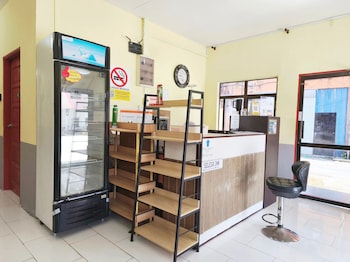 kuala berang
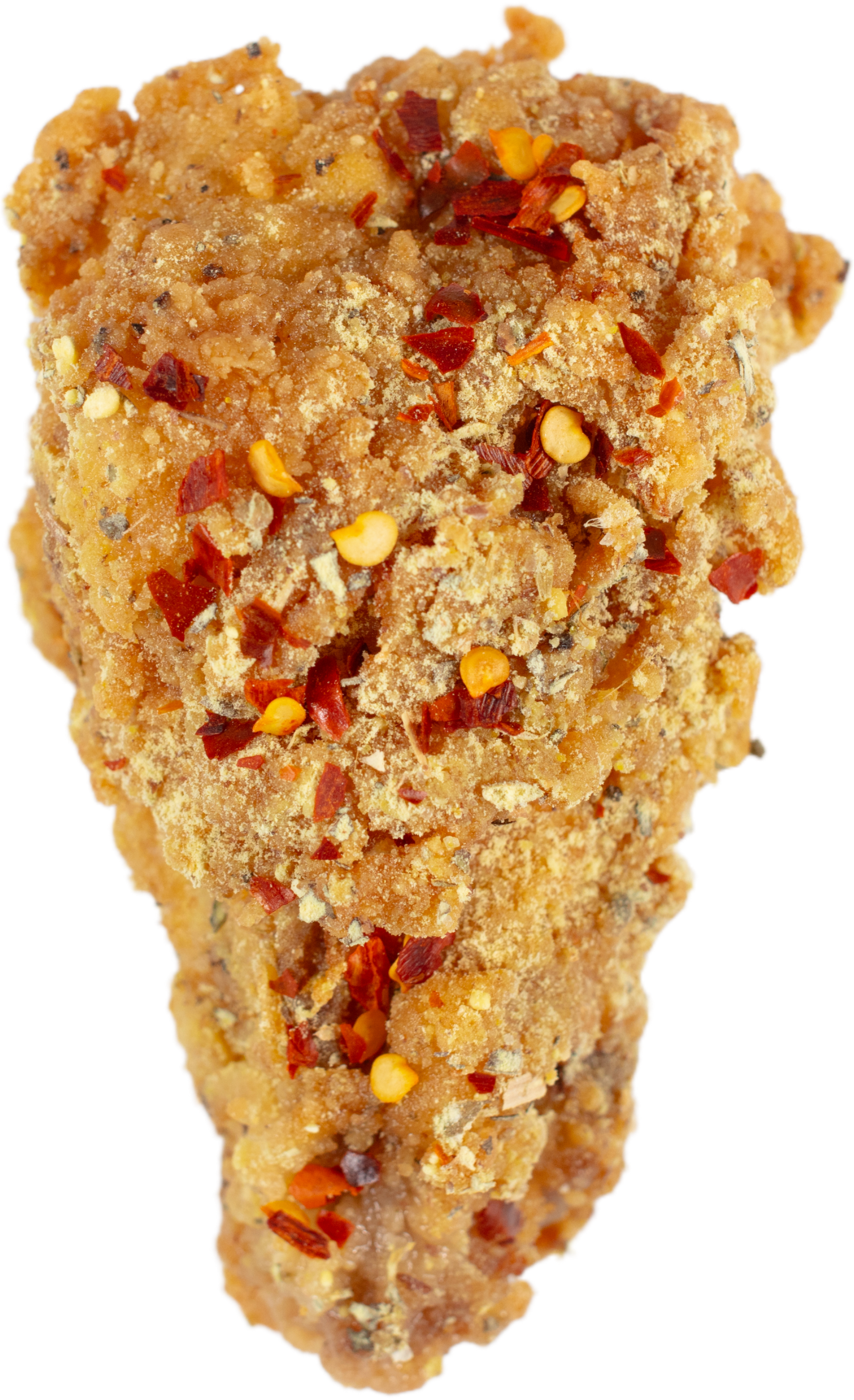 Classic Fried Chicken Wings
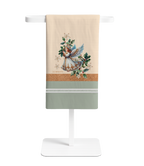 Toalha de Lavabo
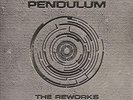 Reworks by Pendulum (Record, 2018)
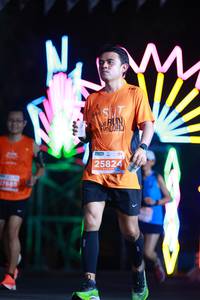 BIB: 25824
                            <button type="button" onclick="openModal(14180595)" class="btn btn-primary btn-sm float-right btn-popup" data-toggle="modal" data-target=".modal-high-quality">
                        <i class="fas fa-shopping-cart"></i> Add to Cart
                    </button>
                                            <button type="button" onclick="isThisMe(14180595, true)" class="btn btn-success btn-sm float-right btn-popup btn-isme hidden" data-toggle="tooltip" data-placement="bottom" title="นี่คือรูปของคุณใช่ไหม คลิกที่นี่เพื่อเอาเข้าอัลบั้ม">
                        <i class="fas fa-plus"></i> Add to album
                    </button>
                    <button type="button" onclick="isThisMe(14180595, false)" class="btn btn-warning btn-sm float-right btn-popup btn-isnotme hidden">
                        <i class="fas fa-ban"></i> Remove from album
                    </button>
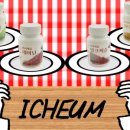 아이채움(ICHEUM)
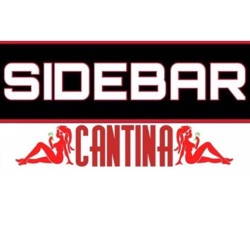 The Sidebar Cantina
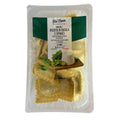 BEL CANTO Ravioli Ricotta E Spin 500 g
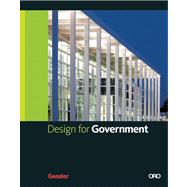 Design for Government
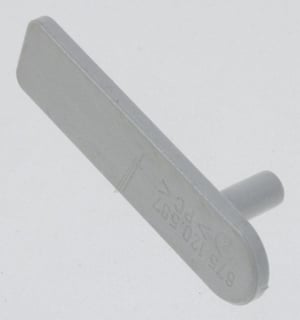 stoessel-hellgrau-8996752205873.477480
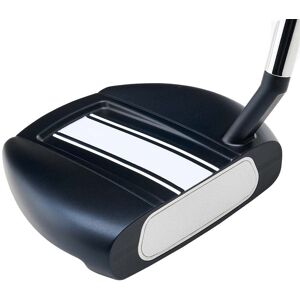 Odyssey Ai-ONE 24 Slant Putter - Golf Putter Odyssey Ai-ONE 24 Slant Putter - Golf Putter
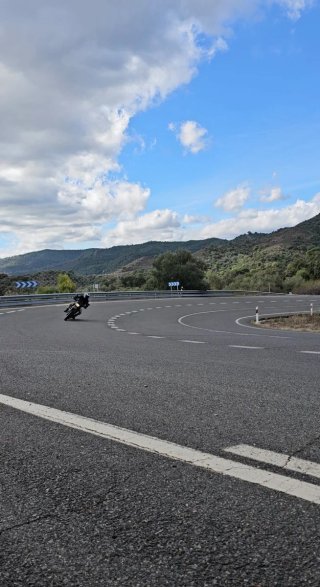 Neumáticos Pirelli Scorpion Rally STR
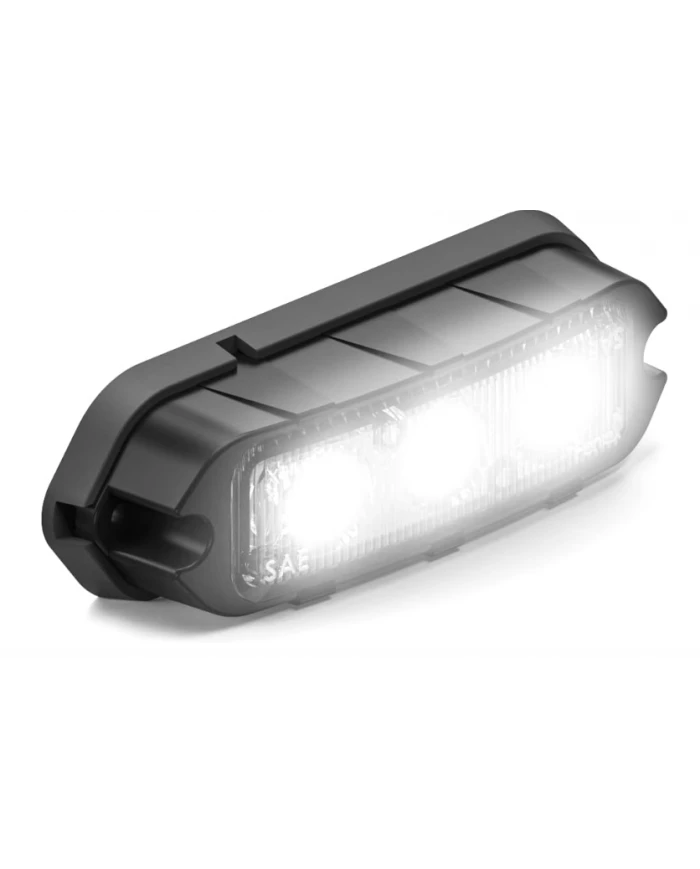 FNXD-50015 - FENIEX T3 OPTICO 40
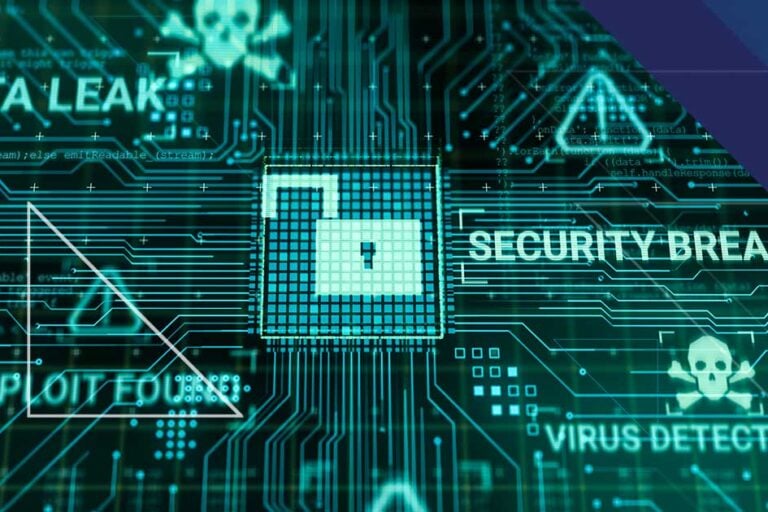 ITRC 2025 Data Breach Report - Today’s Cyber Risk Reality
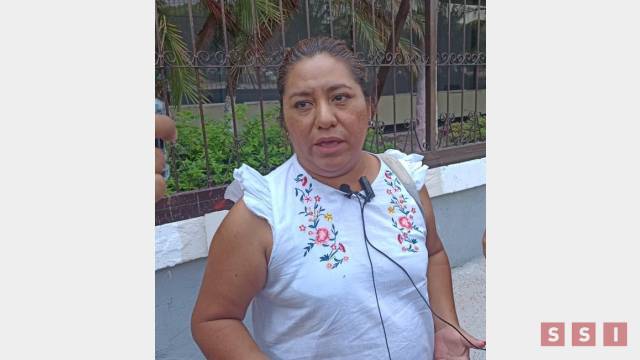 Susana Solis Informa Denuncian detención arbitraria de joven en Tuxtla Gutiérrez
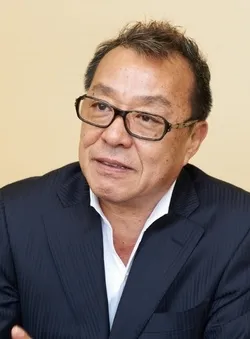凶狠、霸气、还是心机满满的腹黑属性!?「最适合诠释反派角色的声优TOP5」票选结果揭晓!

────────

> [What to do]
Without including any pictures, return every line of the records exactly.

> [Reply to the task]
 kuala berang
 Classic Fried Chicken Wings
 Toalha de Lavabo
 Reworks by Pendulum (Record, 2018)
 BIB: 25824
                            <button type="button" onclick="openModal(14180595)" class="btn btn-primary btn-sm float-right btn-popup" data-toggle="modal" data-target=".modal-high-quality">
                        <i class="fas fa-shopping-cart"></i> Add to Cart
                    </button>
                                            <button type="button" onclick="isThisMe(14180595, true)" class="btn btn-success btn-sm float-right btn-popup btn-isme hidden" data-toggle="tooltip" data-placement="bottom" title="นี่คือรูปของคุณใช่ไหม คลิกที่นี่เพื่อเอาเข้าอัลบั้ม">
                        <i class="fas fa-plus"></i> Add to album
                    </button>
                    <button type="button" onclick="isThisMe(14180595, false)" class="btn btn-warning btn-sm float-right btn-popup btn-isnotme hidden">
                        <i class="fas fa-ban"></i> Remove from album
                    </button>
 아이채움(ICHEUM)
 The Sidebar Cantina
 BEL CANTO Ravioli Ricotta E Spin 500 g
 Design for Government
 stoessel-hellgrau-8996752205873.477480
 Odyssey Ai-ONE 24 Slant Putter - Golf Putter Odyssey Ai-ONE 24 Slant Putter - Golf Putter
 Neumáticos Pirelli Scorpion Rally STR
 FNXD-50015 - FENIEX T3 OPTICO 40
 ITRC 2025 Data Breach Report - Today’s Cyber Risk Reality
 Susana Solis Informa Denuncian detención arbitraria de joven en Tuxtla Gutiérrez
凶狠、霸气、还是心机满满的腹黑属性!?「最适合诠释反派角色的声优TOP5」票选结果揭晓!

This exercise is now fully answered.